** Records for the exercise follows **

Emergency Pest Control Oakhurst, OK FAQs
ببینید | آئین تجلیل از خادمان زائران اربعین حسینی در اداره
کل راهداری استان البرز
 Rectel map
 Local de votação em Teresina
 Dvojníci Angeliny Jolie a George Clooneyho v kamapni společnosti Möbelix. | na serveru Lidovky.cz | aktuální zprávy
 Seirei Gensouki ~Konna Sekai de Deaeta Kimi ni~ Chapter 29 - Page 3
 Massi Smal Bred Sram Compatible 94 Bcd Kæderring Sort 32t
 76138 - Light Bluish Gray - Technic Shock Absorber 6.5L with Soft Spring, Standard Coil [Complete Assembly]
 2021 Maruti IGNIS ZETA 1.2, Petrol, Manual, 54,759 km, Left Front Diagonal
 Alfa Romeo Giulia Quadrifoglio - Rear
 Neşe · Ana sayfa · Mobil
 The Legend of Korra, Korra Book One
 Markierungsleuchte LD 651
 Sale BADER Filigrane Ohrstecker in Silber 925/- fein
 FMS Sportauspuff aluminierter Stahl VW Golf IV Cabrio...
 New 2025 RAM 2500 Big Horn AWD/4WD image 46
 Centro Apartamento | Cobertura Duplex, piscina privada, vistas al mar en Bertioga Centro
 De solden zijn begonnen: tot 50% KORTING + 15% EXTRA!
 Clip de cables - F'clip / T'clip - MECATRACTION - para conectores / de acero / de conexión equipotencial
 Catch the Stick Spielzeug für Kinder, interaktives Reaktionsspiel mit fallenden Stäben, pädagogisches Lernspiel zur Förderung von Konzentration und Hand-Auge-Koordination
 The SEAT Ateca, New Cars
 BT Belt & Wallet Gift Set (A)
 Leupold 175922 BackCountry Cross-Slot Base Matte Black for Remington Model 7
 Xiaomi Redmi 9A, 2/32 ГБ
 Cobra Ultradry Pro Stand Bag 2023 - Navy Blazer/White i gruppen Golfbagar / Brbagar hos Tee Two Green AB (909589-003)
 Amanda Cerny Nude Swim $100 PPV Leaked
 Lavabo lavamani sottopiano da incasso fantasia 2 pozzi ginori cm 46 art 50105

** End of Records for the exercise **

◆ Problem requirements: The required output is the line holding "Centro Apartamento |" plus every line after it in the data, reproduced exactly.

◆ Solution to this task:
 Centro Apartamento | Cobertura Duplex, piscina privada, vistas al mar en Bertioga Centro
 De solden zijn begonnen: tot 50% KORTING + 15% EXTRA!
 Clip de cables - F'clip / T'clip - MECATRACTION - para conectores / de acero / de conexión equipotencial
 Catch the Stick Spielzeug für Kinder, interaktives Reaktionsspiel mit fallenden Stäben, pädagogisches Lernspiel zur Förderung von Konzentration und Hand-Auge-Koordination
 The SEAT Ateca, New Cars
 BT Belt & Wallet Gift Set (A)
 Leupold 175922 BackCountry Cross-Slot Base Matte Black for Remington Model 7
 Xiaomi Redmi 9A, 2/32 ГБ
 Cobra Ultradry Pro Stand Bag 2023 - Navy Blazer/White i gruppen Golfbagar / Brbagar hos Tee Two Green AB (909589-003)
 Amanda Cerny Nude Swim $100 PPV Leaked
 Lavabo lavamani sottopiano da incasso fantasia 2 pozzi ginori cm 46 art 50105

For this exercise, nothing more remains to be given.